TASK GOAL – Each record should be written out exactly as it stands.

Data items
= = = = =
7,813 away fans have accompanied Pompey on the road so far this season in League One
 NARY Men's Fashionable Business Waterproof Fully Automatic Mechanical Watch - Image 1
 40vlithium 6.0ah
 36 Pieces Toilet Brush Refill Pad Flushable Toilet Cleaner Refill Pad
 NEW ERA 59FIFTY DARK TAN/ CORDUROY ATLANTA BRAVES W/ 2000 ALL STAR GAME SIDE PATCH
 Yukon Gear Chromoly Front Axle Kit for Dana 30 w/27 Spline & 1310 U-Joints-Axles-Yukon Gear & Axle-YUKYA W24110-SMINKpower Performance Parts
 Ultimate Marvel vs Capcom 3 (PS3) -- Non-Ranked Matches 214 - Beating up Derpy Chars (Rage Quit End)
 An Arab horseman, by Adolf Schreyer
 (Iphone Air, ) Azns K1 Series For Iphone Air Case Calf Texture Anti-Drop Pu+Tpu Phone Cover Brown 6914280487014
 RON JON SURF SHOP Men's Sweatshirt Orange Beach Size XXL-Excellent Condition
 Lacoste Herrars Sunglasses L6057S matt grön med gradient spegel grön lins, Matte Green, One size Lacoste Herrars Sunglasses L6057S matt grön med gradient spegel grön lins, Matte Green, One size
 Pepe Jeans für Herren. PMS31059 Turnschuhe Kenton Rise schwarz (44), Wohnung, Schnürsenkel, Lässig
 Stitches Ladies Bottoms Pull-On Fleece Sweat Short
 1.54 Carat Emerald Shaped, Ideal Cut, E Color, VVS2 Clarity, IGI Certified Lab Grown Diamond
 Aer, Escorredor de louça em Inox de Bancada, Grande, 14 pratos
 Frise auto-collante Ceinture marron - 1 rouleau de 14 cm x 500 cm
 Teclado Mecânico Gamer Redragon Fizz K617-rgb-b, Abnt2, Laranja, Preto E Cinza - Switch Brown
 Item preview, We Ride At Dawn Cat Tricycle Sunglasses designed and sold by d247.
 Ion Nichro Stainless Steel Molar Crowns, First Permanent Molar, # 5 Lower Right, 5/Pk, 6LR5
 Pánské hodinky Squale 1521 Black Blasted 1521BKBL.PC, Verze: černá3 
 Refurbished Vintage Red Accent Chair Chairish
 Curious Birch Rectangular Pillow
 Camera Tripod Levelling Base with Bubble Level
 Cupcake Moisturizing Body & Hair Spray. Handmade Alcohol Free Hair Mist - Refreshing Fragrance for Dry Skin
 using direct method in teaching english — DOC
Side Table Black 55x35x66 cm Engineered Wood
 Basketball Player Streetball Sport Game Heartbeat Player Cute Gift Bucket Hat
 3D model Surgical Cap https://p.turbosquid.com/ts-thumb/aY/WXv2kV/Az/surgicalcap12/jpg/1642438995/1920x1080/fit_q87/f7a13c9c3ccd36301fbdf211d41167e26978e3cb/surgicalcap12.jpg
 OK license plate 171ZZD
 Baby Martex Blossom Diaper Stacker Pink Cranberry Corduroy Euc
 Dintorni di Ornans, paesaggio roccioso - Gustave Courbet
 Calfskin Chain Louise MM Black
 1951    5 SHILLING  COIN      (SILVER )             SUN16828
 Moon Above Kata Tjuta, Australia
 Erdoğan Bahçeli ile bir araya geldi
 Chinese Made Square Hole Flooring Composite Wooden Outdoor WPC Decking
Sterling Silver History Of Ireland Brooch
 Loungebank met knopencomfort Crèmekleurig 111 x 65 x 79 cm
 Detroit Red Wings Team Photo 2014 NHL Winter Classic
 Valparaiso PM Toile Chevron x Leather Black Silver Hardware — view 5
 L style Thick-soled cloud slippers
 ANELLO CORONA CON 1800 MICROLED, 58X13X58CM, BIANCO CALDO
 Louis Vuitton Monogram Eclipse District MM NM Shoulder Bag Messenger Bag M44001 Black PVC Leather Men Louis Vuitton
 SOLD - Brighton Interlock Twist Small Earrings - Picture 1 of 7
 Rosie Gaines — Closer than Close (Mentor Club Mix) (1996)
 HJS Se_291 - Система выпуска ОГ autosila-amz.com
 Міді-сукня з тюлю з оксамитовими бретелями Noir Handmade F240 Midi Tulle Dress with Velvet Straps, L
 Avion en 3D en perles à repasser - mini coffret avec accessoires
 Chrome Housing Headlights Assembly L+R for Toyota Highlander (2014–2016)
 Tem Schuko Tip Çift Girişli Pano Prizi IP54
= = = = =
WORKED SOLUTION –
7,813 away fans have accompanied Pompey on the road so far this season in League One
 NARY Men's Fashionable Business Waterproof Fully Automatic Mechanical Watch - Image 1
 40vlithium 6.0ah
 36 Pieces Toilet Brush Refill Pad Flushable Toilet Cleaner Refill Pad
 NEW ERA 59FIFTY DARK TAN/ CORDUROY ATLANTA BRAVES W/ 2000 ALL STAR GAME SIDE PATCH
 Yukon Gear Chromoly Front Axle Kit for Dana 30 w/27 Spline & 1310 U-Joints-Axles-Yukon Gear & Axle-YUKYA W24110-SMINKpower Performance Parts
 Ultimate Marvel vs Capcom 3 (PS3) -- Non-Ranked Matches 214 - Beating up Derpy Chars (Rage Quit End)
 An Arab horseman, by Adolf Schreyer
 (Iphone Air, ) Azns K1 Series For Iphone Air Case Calf Texture Anti-Drop Pu+Tpu Phone Cover Brown 6914280487014
 RON JON SURF SHOP Men's Sweatshirt Orange Beach Size XXL-Excellent Condition
 Lacoste Herrars Sunglasses L6057S matt grön med gradient spegel grön lins, Matte Green, One size Lacoste Herrars Sunglasses L6057S matt grön med gradient spegel grön lins, Matte Green, One size
 Pepe Jeans für Herren. PMS31059 Turnschuhe Kenton Rise schwarz (44), Wohnung, Schnürsenkel, Lässig
 Stitches Ladies Bottoms Pull-On Fleece Sweat Short
 1.54 Carat Emerald Shaped, Ideal Cut, E Color, VVS2 Clarity, IGI Certified Lab Grown Diamond
 Aer, Escorredor de louça em Inox de Bancada, Grande, 14 pratos
 Frise auto-collante Ceinture marron - 1 rouleau de 14 cm x 500 cm
 Teclado Mecânico Gamer Redragon Fizz K617-rgb-b, Abnt2, Laranja, Preto E Cinza - Switch Brown
 Item preview, We Ride At Dawn Cat Tricycle Sunglasses designed and sold by d247.
 Ion Nichro Stainless Steel Molar Crowns, First Permanent Molar, # 5 Lower Right, 5/Pk, 6LR5
 Pánské hodinky Squale 1521 Black Blasted 1521BKBL.PC, Verze: černá3 
 Refurbished Vintage Red Accent Chair Chairish
 Curious Birch Rectangular Pillow
 Camera Tripod Levelling Base with Bubble Level
 Cupcake Moisturizing Body & Hair Spray. Handmade Alcohol Free Hair Mist - Refreshing Fragrance for Dry Skin
 using direct method in teaching english — DOC
Side Table Black 55x35x66 cm Engineered Wood
 Basketball Player Streetball Sport Game Heartbeat Player Cute Gift Bucket Hat
 3D model Surgical Cap https://p.turbosquid.com/ts-thumb/aY/WXv2kV/Az/surgicalcap12/jpg/1642438995/1920x1080/fit_q87/f7a13c9c3ccd36301fbdf211d41167e26978e3cb/surgicalcap12.jpg
 OK license plate 171ZZD
 Baby Martex Blossom Diaper Stacker Pink Cranberry Corduroy Euc
 Dintorni di Ornans, paesaggio roccioso - Gustave Courbet
 Calfskin Chain Louise MM Black
 1951    5 SHILLING  COIN      (SILVER )             SUN16828
 Moon Above Kata Tjuta, Australia
 Erdoğan Bahçeli ile bir araya geldi
 Chinese Made Square Hole Flooring Composite Wooden Outdoor WPC Decking
Sterling Silver History Of Ireland Brooch
 Loungebank met knopencomfort Crèmekleurig 111 x 65 x 79 cm
 Detroit Red Wings Team Photo 2014 NHL Winter Classic
 Valparaiso PM Toile Chevron x Leather Black Silver Hardware — view 5
 L style Thick-soled cloud slippers
 ANELLO CORONA CON 1800 MICROLED, 58X13X58CM, BIANCO CALDO
 Louis Vuitton Monogram Eclipse District MM NM Shoulder Bag Messenger Bag M44001 Black PVC Leather Men Louis Vuitton
 SOLD - Brighton Interlock Twist Small Earrings - Picture 1 of 7
 Rosie Gaines — Closer than Close (Mentor Club Mix) (1996)
 HJS Se_291 - Система выпуска ОГ autosila-amz.com
 Міді-сукня з тюлю з оксамитовими бретелями Noir Handmade F240 Midi Tulle Dress with Velvet Straps, L
 Avion en 3D en perles à repasser - mini coffret avec accessoires
 Chrome Housing Headlights Assembly L+R for Toyota Highlander (2014–2016)
 Tem Schuko Tip Çift Girişli Pano Prizi IP54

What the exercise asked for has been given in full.